When you add a web site like Flickr or Google Reader to FriendFeed, FriendFeed's servers constantly download your feed from the service to get your updates as quickly as possible. FriendFeed's user base has grown quite a bit since launch, and our servers now download millions of feeds from over 43 services every hour.
One of the limitations of this approach is that it is difficult to get updates from services quickly without FriendFeed's crawler overloading other sites' servers with update checks. Gary Burd and I have thought quite a bit about ways we could augment existing feed formats like Atom and RSS to make fetching updates faster and more efficient. Our proposal, which we have named Simple Update Protocol, or SUP, is below. You can read more details and check out sample code on Google Code. Discuss the proposal in the SUP FriendFeed room.
SUP is just a proposal at this stage. We are eager to get feedback and ideas, and we expect to update the protocol based on feedback over the next few months.
Simple Update Protocol
SUP (Simple Update Protocol) is a simple and compact "ping feed" that web services can produce in order to alert the consumers of their feeds when a feed has been updated. This reduces update latency and improves efficiency by eliminating the need for frequent polling.
Benefits include:
- Simple to implement. Most sites can add support with only few lines of code if their database already stores timestamps.
- Works over HTTP, so it's very easy to publish and consume.
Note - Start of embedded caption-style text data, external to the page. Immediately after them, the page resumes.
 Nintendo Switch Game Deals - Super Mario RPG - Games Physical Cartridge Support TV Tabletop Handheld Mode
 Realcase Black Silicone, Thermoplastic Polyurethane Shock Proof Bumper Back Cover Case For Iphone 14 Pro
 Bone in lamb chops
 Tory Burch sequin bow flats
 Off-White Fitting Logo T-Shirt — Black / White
- Cacheable. A SUP feed can be generated by a cron job and served from a static text file or from memcached.
- Compact. Updates can be about 21 bytes each. (8 bytes with gzip encoding)
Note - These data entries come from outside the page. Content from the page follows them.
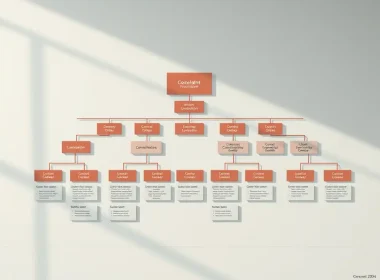 Corporate organizational chart illustrating entity ownership structure relevant to ASC 810 VIE consolidation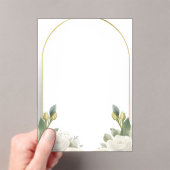 Modèle d'invitation de mariage floral élégant mode (In situ (ordinateur de poche))
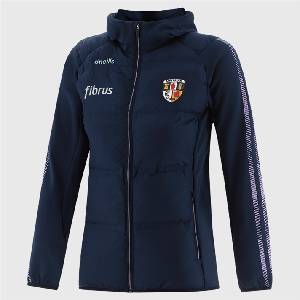 ONeills Яке ONeills Women's Dynamo Antrim GAA Quilted Long Sleeve Performance Training Jacket - Mar/Pur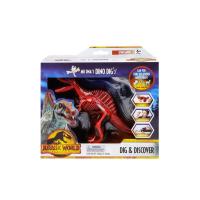 ราคา Jurassic World ของเล่นโครงกระดูกฟอสซิลไดโนเสาร์ Dominion Dino Dig Spinosaurus สีแดง (CDS95916491)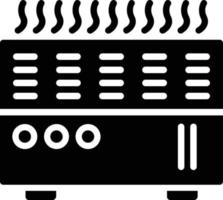 Heater Glyph Icon vector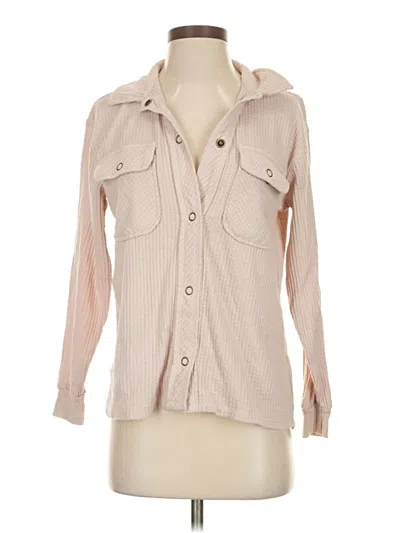 Pre-owned Rewind Long Sleeve Blouse In Tan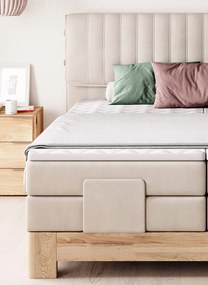 Boxspring posteľ massiv wood SANDRA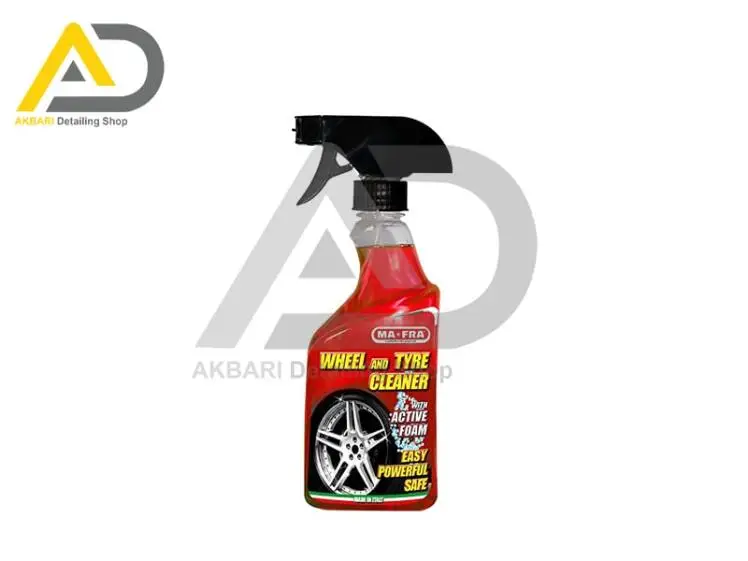 فوم تميز‌ کننده رينگ و لاستيک 500 میلی‌لیتری مفرا Wheel & Tire Cleaner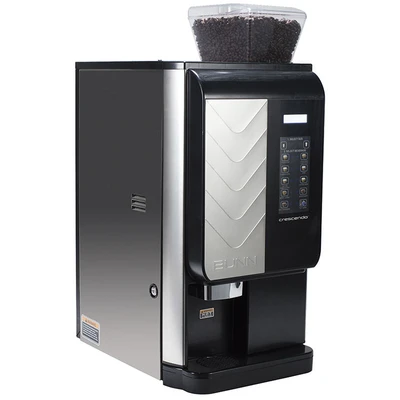 Bunn 44300.0201 Black Stainless Steel Bean to Cup Coffee Brewer - 120 Volts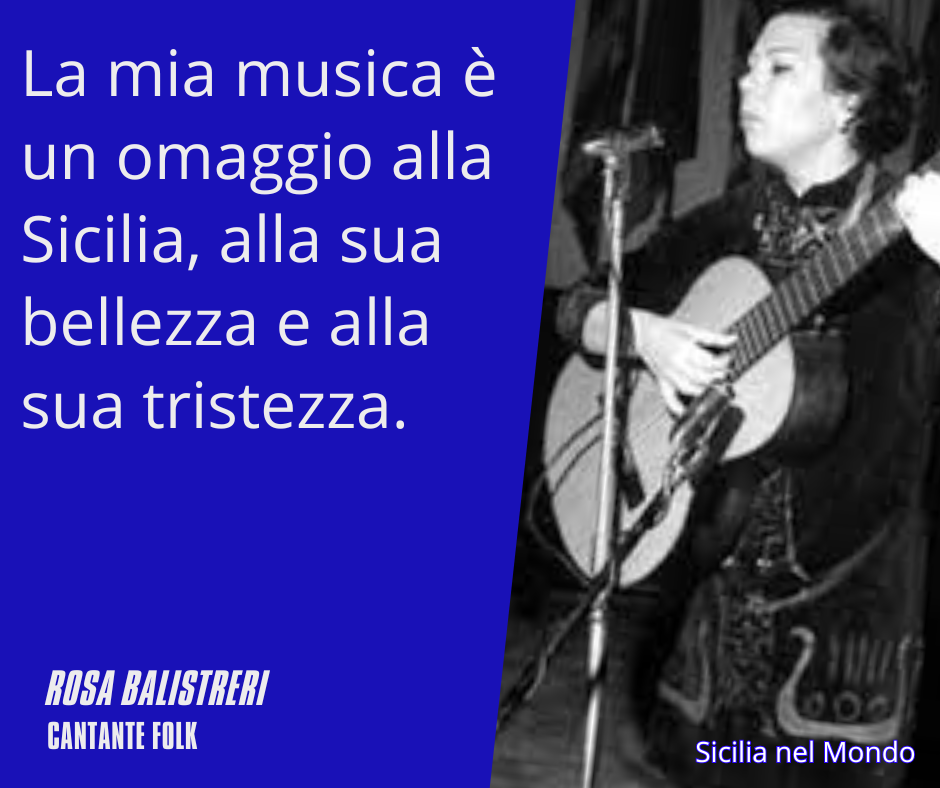 La mia musica è un omaggio alla Sicilia, alla sua bellezza e alla sua tristezza.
- Does not expose usernames or secret feed urls (such as Google Reader Shared Items feeds)
SUP is designed to be especially easy for feed publishers to create. It's not ideal for small feed consumers because they will only be interested in a tiny fraction of the updates. However, intermediate services such as Gnip or others could easily consume a SUP feed and convert it into a subscribe/push model using XMPP or HTTP callbacks.
Sites wishing to produce a SUP feed must do two things:
- Add a special
<link>
tag to their SUP enabled Atom or RSS feeds. This<link>
tag includes the feed's SUP-ID and the URL of the appropriate SUP feed. - Generate a SUP feed which lists the SUP-IDs of all recently updated feeds.
Feed consumers can add SUP support by:
- Storing the SUP-IDs of the Atom/RSS feeds they consume.
- Watching for those SUP-IDs in their associated SUP feeds.
By using SUP-IDs instead of feed urls, we avoid having to expose the feed url, avoid URL canonicalization issues, and produce a more compact update feed (because SUP-IDs can be a database id or some other short token assigned by the service).
Because it is still possible to miss updates due to server errors or other malfunctions, SUP does not completely eliminate the need for polling. However, when using SUP, feed consumers can reduce polling frequency while simultaneously reducing update latency. For example, if a site such as FriendFeed switched from polling feeds every 30 minutes to polling every 300 minutes (5 hours), and also monitored the appropriate SUP feed every 3 minutes, the total amount of feed polling would be reduced by about 90%, and new updates would typically appear 10 times as fast.
You can see SUP <link>
elements in FriendFeed's Atom feeds (e.g., http://friendfeed.com/paul?format=atom), and you can see FriendFeed's SUP feed at http://friendfeed.com/api/sup.json.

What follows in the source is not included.